*TASK INSTRUCTIONS:* Copy out the full listing exactly, omitting any picture it contains.

*DATASET CONTENT:*
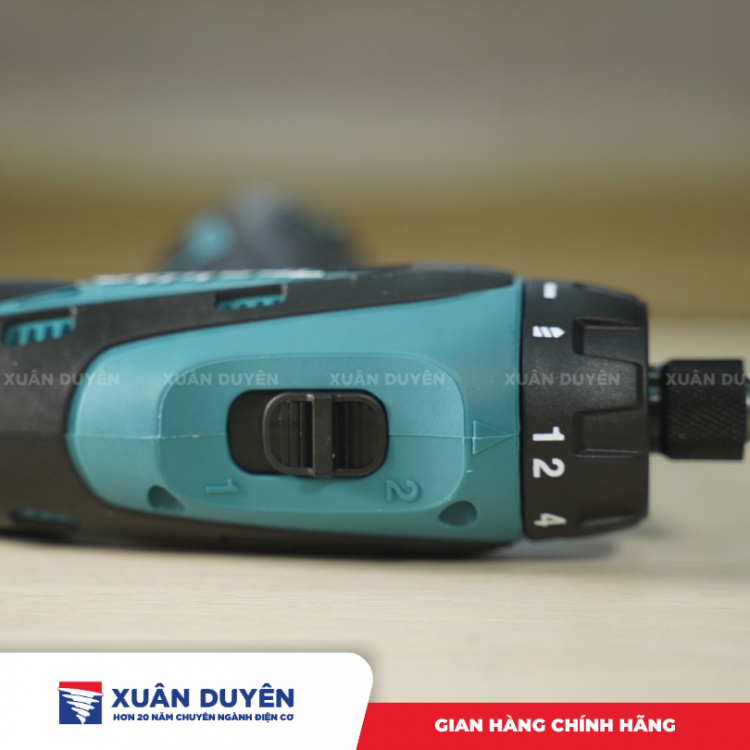 Máy khoan và vặn vít dùng pin 10.8V Makita DF030DWE (2 pin 1.3 Ah + 1 sạc DC10WA)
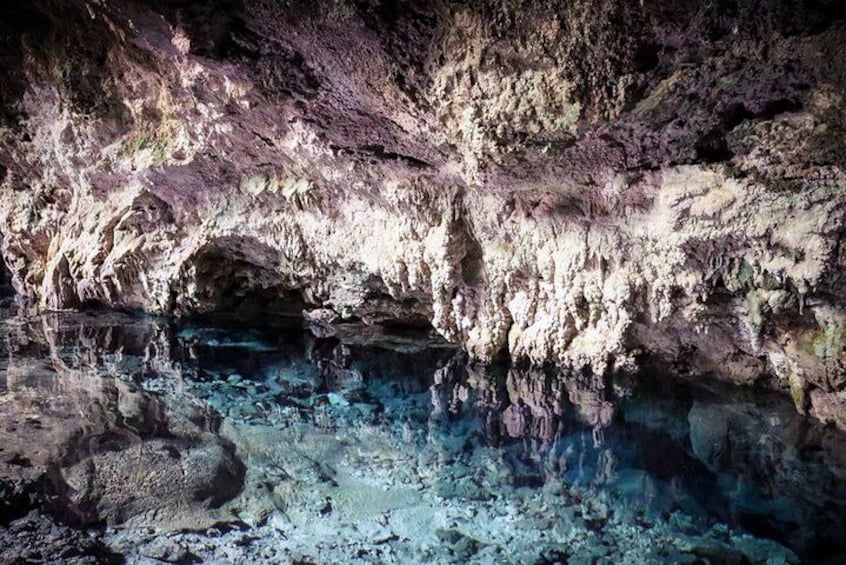 A cave with clear blue water and rocky formations. 2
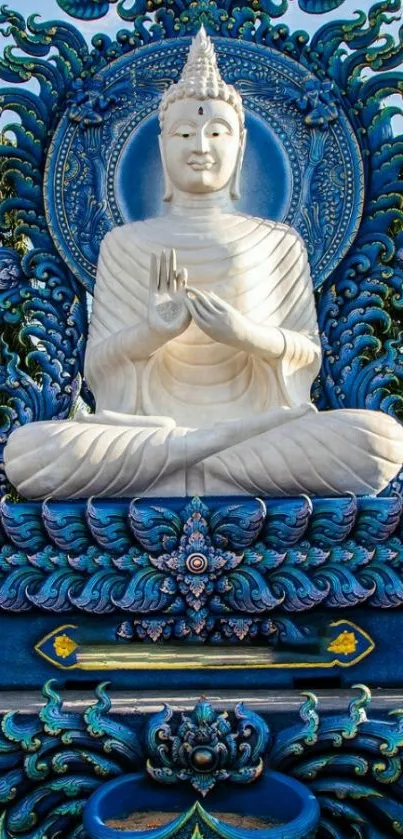 Intricate blue Buddha statue in serene setting.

*PROBLEM SOLUTION:*
 Máy khoan và vặn vít dùng pin 10.8V Makita DF030DWE (2 pin 1.3 Ah + 1 sạc DC10WA)
 A cave with clear blue water and rocky formations. 2
 Intricate blue Buddha statue in serene setting.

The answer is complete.